Но у Черчилля определенно имелись стойкость, энергия, абсолютный ментальный рык, как мог бы выразиться Джереми Кларксон [64] . «Вот идет Уинстон Черчилль с его мышлением в сто лошадиных сил», – сказал кто-то перед Первой мировой войной, когда эта мощность была значительна.
У некоторых людей, одаренных быстрым аналитическим умом, нет выраженной энергии, интереса к работе. У других – напористость, но ограниченный талант. Понятно, что у большинства из нас умеренная доля того и другого. У Черчилля было все: феноменальная энергия, колоссальная память, острый аналитический ум и беспощадная журналистская способность рассортировать материал, поставив главное на первое место. Еще у него в голове была молниеподобная зигзагообразная жилка, способствующая креативности.
64
Кларксон Джереми – английский телеведущий и журналист, специализирующийся на автомобильной тематике.
Его психологическое строение (необходимость показать себя перед отцом, частичная мегаломания и тому подобное) означало, что он должен был работать, он не мог бездействовать. Некоторые придают большое значение его предполагаемой депрессии, или «черному псу», как он называл ее, используя существовавшее в то время выражение. Другие полагают, что с этим перестарались, и я склонен с ними согласиться.
Конечно, у Черчилля было некоторое уныние в тридцатых годах, когда он лишился должности, но в целом он вполне освоился с тем, что для многих людей является творческим циклом: депрессия – напряжение – творчество – усиленная алкоголем эйфория – депрессия и так далее. Он просто проходил этот цикл быстрее, чем кто-либо другой, как будто у него было больше «об./мин.», и оттого его производительность была огромна.

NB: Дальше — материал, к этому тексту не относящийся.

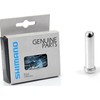 Shimano Troso antgalis 1.6mm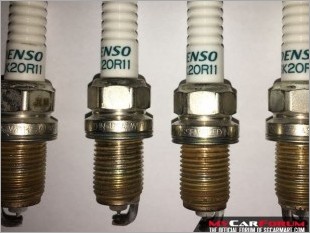 https://www.mycarforum.com/uploads/sgcarstore/data/10/denso_spark_plug_sk20r11_1479195556_a31e1a02_83644_1_crop.jpg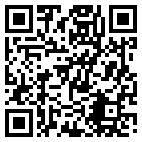 QR Code for Edna Cleaners in Edna, TX 77957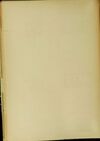 Thumbnail 0062 of The original Mother Goose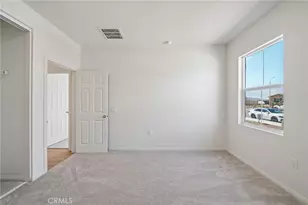 27341 Dunite Dr, Perris, CA 92571 - Photo 32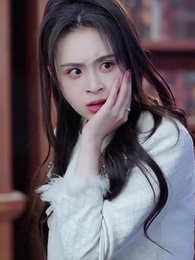 [พากย์ไทย]เมื่อรักจบ ฉันเริ่มต้นใหม่ - Episode 22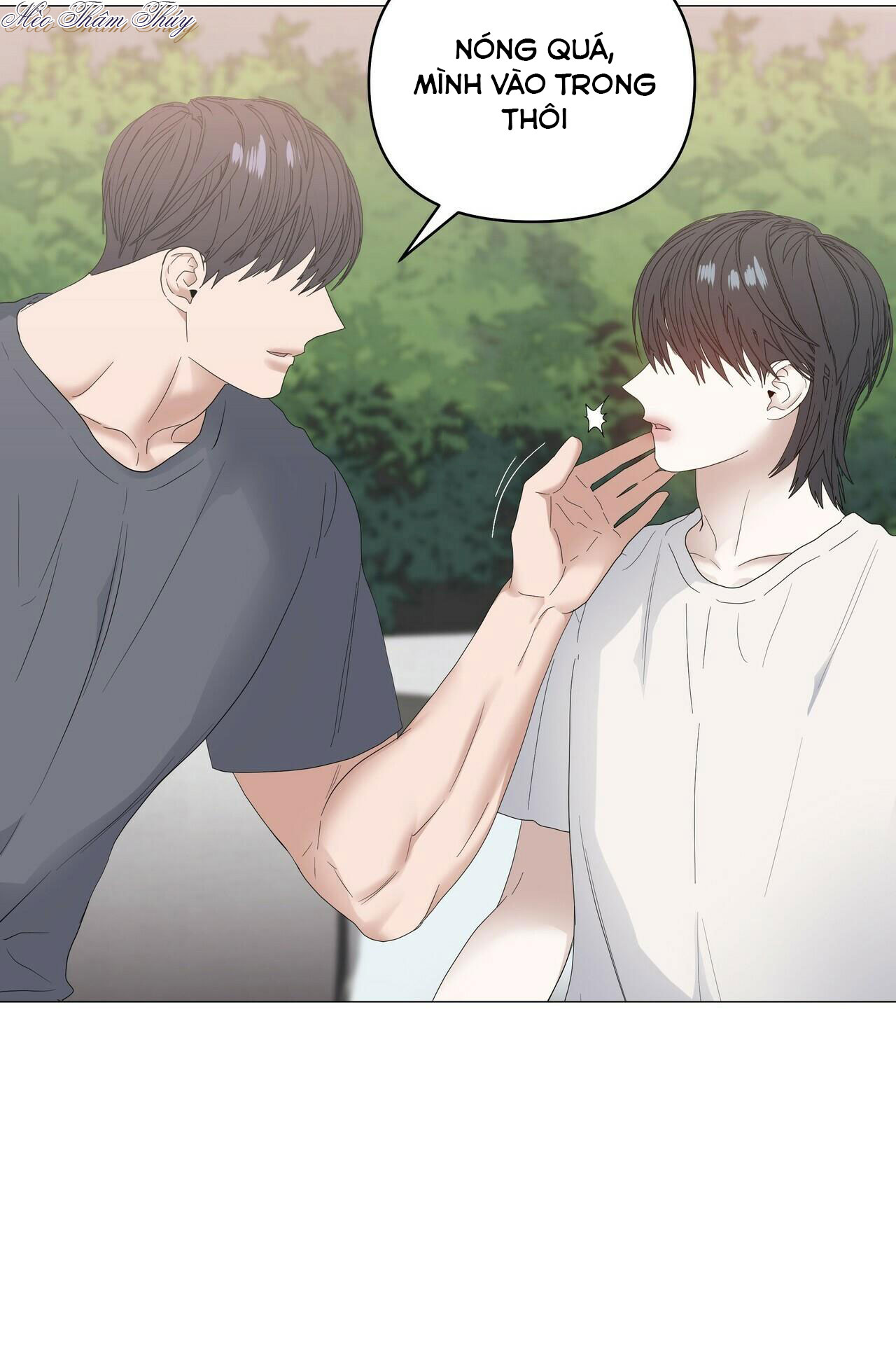 hội chứng chapter 37 73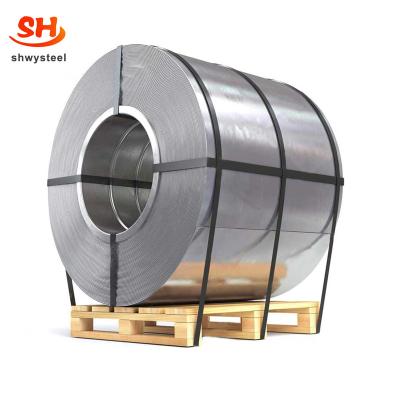 China Manufacture Zinc-Coated Galvanized Steel Sheet DX51D+Z60 Pipes AISI Corrugated Prepainted Galvalume Steel Sheet GI Backing Plate for sale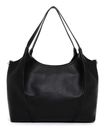 SURI FREY Soey Cityshopper M Black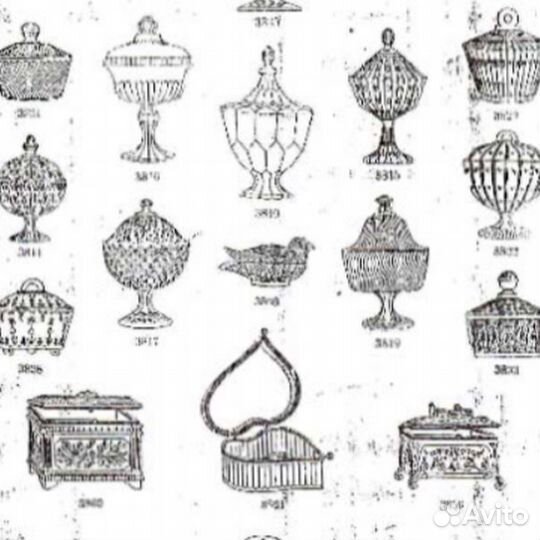 Шкатулка голубь Бахметев царизм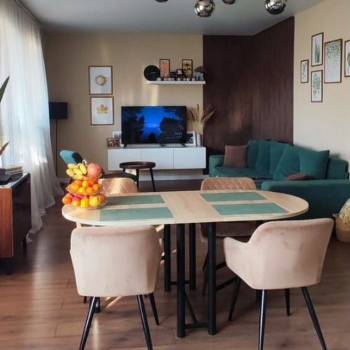 Продается Дом, 110 м²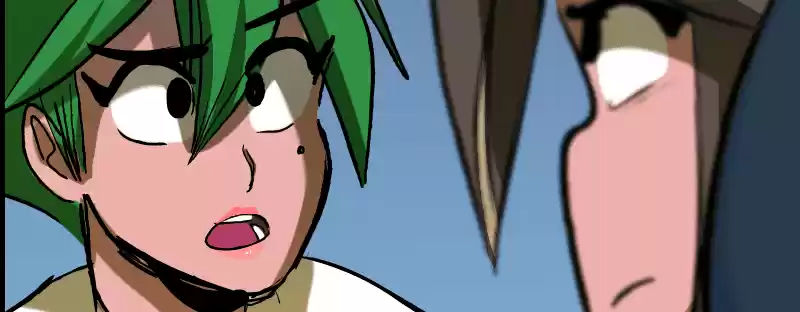 Room Of Swords Chapter 162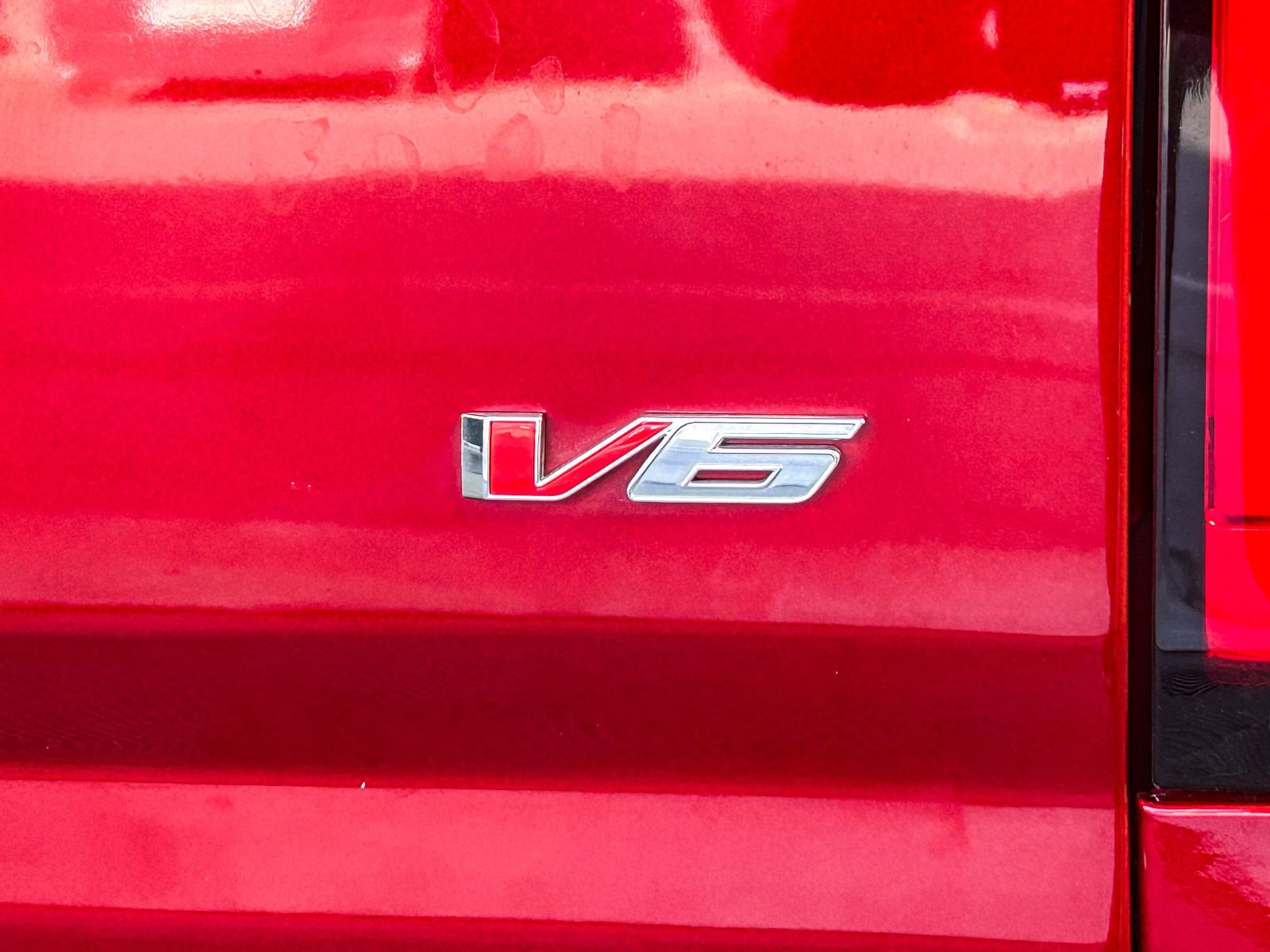 Used 2021 Chevrolet Colorado LT w/ Luxury Package image 10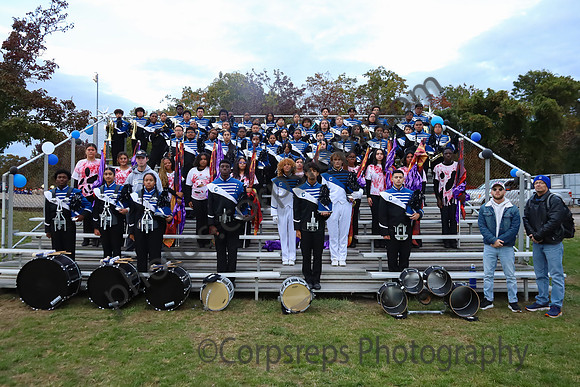 Carteret-344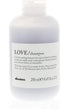Davines - LOVE - Smooth Shampoo - 250 ml
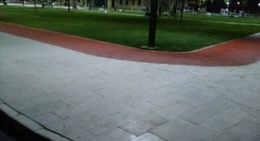 obrázek - Kültür Park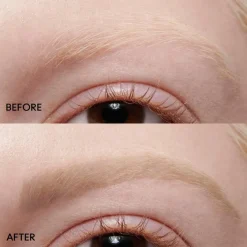 MAC Pro Brow Definer Brow Pencil kulmakynä 0,03 g
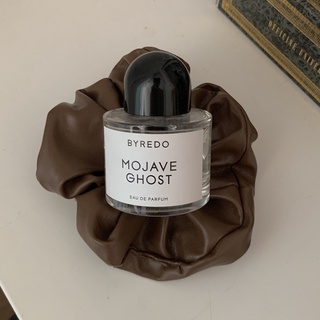 Cột tóc dày dặn Modleaf Noble hairband Hàn Quốc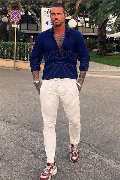 Foto Boy Annunci Lecce Eracle - 3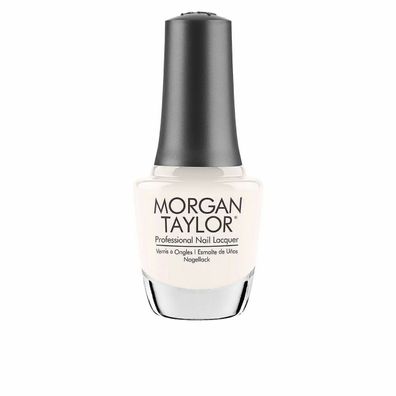 Nagellack Morgan Taylor Professional heaven sent (15 ml) Default Title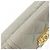 Cartera Chanel Boy Line 84432 Castaño - vista 3
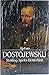 Dostojewskij. Sträfling - S...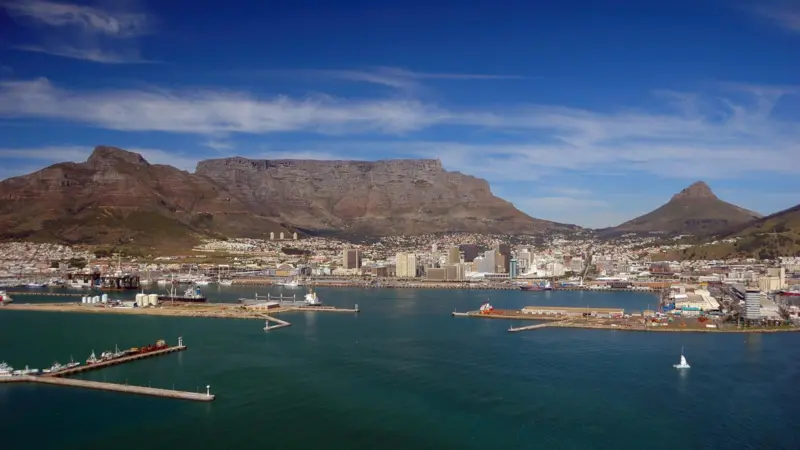 cape_town.jpg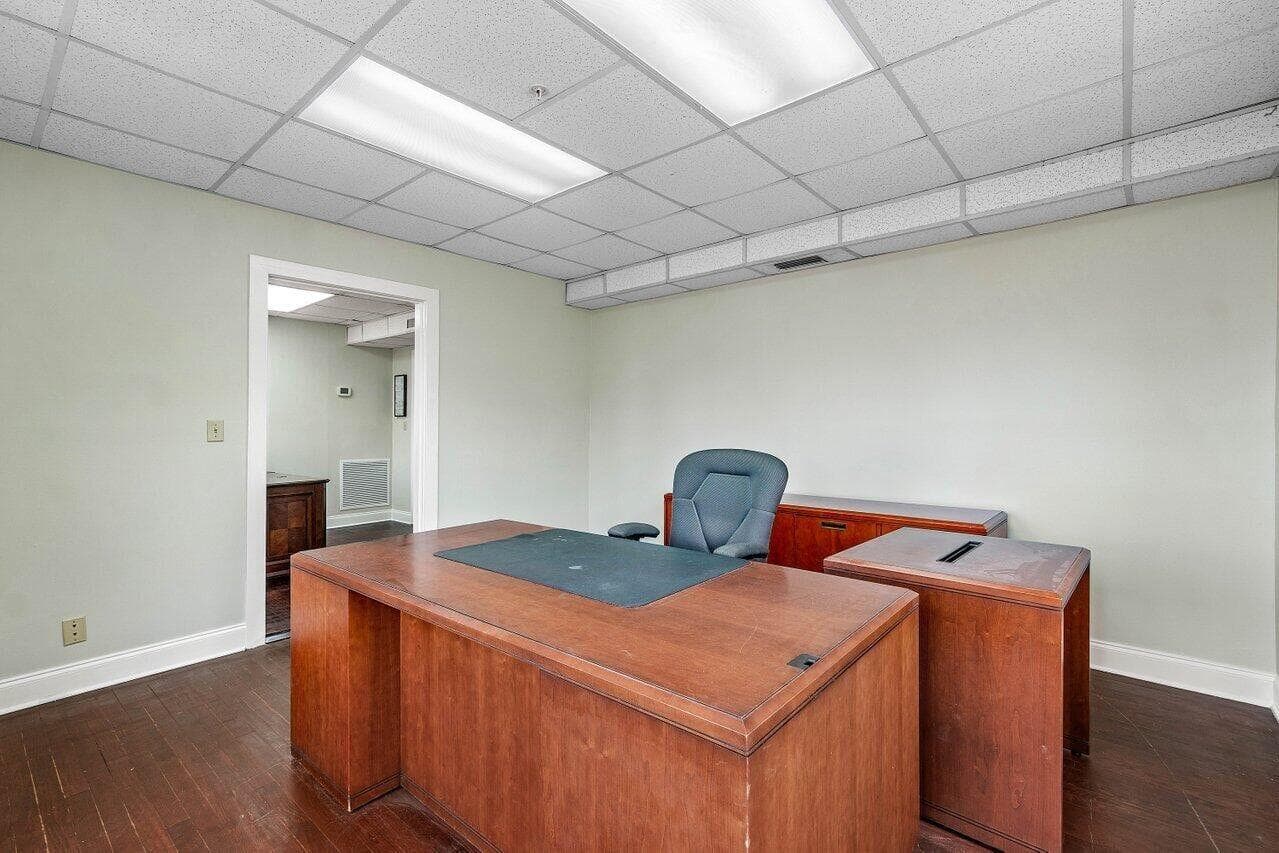 120 S Olive Avenue 300, West Palm Beach, FL 33401 — photo 9 of 18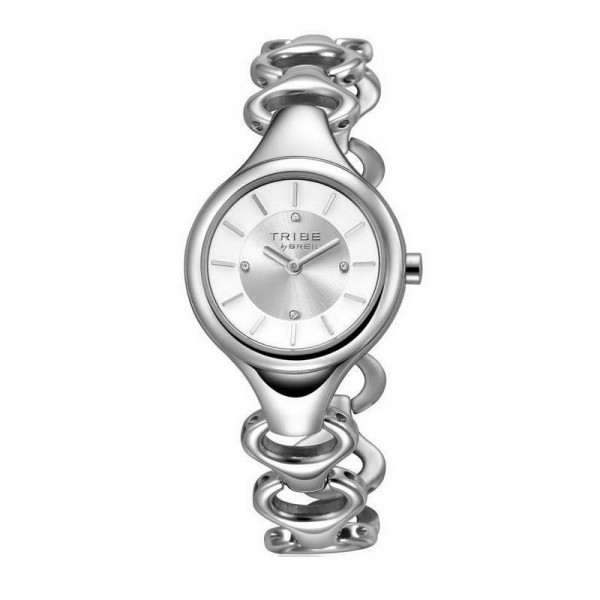 Comprar Reloj Mujer Breil Daisy EW0187 Quartz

Подобно Сэмюэлю Джонсону, он налагал сам на себя громаднейшие требования, и супер-эго подстегивало его к дальнейшим свершениям. Он объяснял, каково это было: «Знаете, я ненавижу идти спать, чувствуя, что не сделал за день ничего полезного. Это все равно что не почистить зубы перед сном».
В некотором смысле его подход можно назвать архаичным – им двигала жажда славы и признания, а также страх публичного позора. Но в этой смеси была заметна и постхристианская вина. Каков бы ни был химический состав топлива, двигатель Черчилля был безупречно приспособлен к сложностям руководства. Он был воином Уайтхолла и любителем деталей, чем порою доводил до бешенства.
Работая в казначействе, он занимался такими мелочами, как стоимость телеграмм, посылаемых Форин-офисом. Когда он вернулся в адмиралтейство в 1939 г., то наводил справки о количестве шерстяных пальто, отпущенных отдельным кораблям. Ему вздумалось отдать распоряжение, что на судах Королевского флота надлежит играть в нарды, а не в карты.